The plaintiff submitted that, although his application for preliminary discovery was dismissed, its purpose was substantially successful. He sought six months from the date of my judgment, 11 September 2023, to 11 March 2024, before I make a decision about the question of costs of the preliminary discovery application. I understood this was because he anticipated that he would commence a proceeding related to the subject matter of his preliminary discovery application by that date. He submitted that costs of this application should be decided in the subsequent proceeding.
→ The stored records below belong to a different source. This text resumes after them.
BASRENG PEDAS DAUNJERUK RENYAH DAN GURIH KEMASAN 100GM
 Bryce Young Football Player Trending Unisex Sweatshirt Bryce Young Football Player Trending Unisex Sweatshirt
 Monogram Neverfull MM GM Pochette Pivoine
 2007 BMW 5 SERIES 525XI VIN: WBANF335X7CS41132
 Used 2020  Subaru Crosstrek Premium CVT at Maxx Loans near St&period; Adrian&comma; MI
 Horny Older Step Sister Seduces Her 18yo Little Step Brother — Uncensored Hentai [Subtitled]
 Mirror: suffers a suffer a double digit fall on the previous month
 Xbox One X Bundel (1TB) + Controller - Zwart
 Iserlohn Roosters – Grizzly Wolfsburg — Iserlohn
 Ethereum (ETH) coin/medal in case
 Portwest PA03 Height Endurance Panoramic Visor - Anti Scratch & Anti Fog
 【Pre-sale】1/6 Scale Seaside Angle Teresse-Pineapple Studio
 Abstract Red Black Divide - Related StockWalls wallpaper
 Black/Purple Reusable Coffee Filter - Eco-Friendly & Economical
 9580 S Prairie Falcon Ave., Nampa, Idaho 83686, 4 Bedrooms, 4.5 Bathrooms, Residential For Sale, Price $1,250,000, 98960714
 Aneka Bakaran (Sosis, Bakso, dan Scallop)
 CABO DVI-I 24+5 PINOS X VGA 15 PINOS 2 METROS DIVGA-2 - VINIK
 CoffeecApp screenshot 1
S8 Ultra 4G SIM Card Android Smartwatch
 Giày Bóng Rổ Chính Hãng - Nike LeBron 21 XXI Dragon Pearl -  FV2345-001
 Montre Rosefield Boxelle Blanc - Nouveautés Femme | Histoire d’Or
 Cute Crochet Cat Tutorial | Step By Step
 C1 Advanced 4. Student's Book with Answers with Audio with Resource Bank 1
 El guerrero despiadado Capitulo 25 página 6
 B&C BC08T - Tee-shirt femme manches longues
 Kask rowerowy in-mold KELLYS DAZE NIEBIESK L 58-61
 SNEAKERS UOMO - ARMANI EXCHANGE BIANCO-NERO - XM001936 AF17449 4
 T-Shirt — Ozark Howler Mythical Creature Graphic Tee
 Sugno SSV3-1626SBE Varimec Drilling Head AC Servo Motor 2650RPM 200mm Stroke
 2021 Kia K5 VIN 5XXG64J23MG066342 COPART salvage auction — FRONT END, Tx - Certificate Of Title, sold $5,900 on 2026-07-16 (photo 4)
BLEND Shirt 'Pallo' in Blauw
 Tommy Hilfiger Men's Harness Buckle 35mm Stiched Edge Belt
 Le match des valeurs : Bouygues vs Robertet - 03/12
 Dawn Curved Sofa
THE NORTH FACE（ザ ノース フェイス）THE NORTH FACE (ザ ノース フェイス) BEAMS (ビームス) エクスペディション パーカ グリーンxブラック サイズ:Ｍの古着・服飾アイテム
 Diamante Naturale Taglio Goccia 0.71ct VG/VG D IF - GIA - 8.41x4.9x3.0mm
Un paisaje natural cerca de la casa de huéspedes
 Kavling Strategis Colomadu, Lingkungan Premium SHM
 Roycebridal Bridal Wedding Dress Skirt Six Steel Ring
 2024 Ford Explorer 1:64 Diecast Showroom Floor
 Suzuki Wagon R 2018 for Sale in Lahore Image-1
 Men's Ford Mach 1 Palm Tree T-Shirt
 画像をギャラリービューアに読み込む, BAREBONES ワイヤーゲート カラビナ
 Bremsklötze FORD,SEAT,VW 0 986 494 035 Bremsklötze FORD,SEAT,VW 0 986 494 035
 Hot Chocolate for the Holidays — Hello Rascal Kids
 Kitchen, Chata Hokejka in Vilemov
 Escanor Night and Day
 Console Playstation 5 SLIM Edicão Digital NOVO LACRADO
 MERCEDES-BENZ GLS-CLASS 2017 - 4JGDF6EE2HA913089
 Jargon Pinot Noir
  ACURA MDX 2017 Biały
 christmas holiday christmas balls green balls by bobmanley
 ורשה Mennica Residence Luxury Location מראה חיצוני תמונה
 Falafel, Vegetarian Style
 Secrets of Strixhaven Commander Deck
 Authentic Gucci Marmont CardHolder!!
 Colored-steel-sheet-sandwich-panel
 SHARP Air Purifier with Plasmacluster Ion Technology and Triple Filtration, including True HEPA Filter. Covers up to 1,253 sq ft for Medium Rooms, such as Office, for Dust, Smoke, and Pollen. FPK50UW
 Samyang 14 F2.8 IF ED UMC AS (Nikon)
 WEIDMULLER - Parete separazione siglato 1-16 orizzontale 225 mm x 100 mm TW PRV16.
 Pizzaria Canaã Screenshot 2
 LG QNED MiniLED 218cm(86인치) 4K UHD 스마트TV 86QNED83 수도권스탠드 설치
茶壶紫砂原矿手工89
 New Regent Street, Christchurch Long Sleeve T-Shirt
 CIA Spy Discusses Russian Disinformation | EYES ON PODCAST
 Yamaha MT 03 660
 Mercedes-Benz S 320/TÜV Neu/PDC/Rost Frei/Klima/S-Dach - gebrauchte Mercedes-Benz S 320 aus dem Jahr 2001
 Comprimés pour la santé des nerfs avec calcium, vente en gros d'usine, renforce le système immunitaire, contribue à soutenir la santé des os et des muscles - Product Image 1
More generally, Mr McKechnie argued that he commenced this application as a person held in custody, for the benefit of all persons, not only for those held in custody, but all those affected by the results of people’s treatment or mistreatment whilst held in custody. He submitted that the defendants have aimed to frustrate and delay his application. He had sought to narrow its scope and clarify the documents he sought. He considered that he had thereby conformed to the overarching obligations of the Civil Procedure Act 2010[2] by narrowing the issues in dispute and minimising delay, but that the defendants had not. He stated that he will probably appeal my judgment and order.
[2]Sections 23 and 25.
The defendants submitted that the plaintiff was entirely unsuccessful in obtaining the relief he sought and that the Court should deal with the question of costs now, rather than waiting for subsequent litigation to be commenced.[3] They argued that the plaintiff’s application did not have sufficient public interest to depart from the usual costs order. Any such public interest ended once the plaintiff received Ms M Westin’s affidavit in August 2021, which established that there were no relevant documents to discover. The plaintiff’s application did not involve or require any ‘meaningful testing’ of the Corrections legislation or regulations or the Charter of Human Rights and Responsibilities Act 2006. The plaintiff had no basis for contending that the defendants acted inconsistently with their overarching obligations under the Civil Procedure Act.
[3]Reliance was placed on the decision in Guest v Guest [2016] VSC 76, [5].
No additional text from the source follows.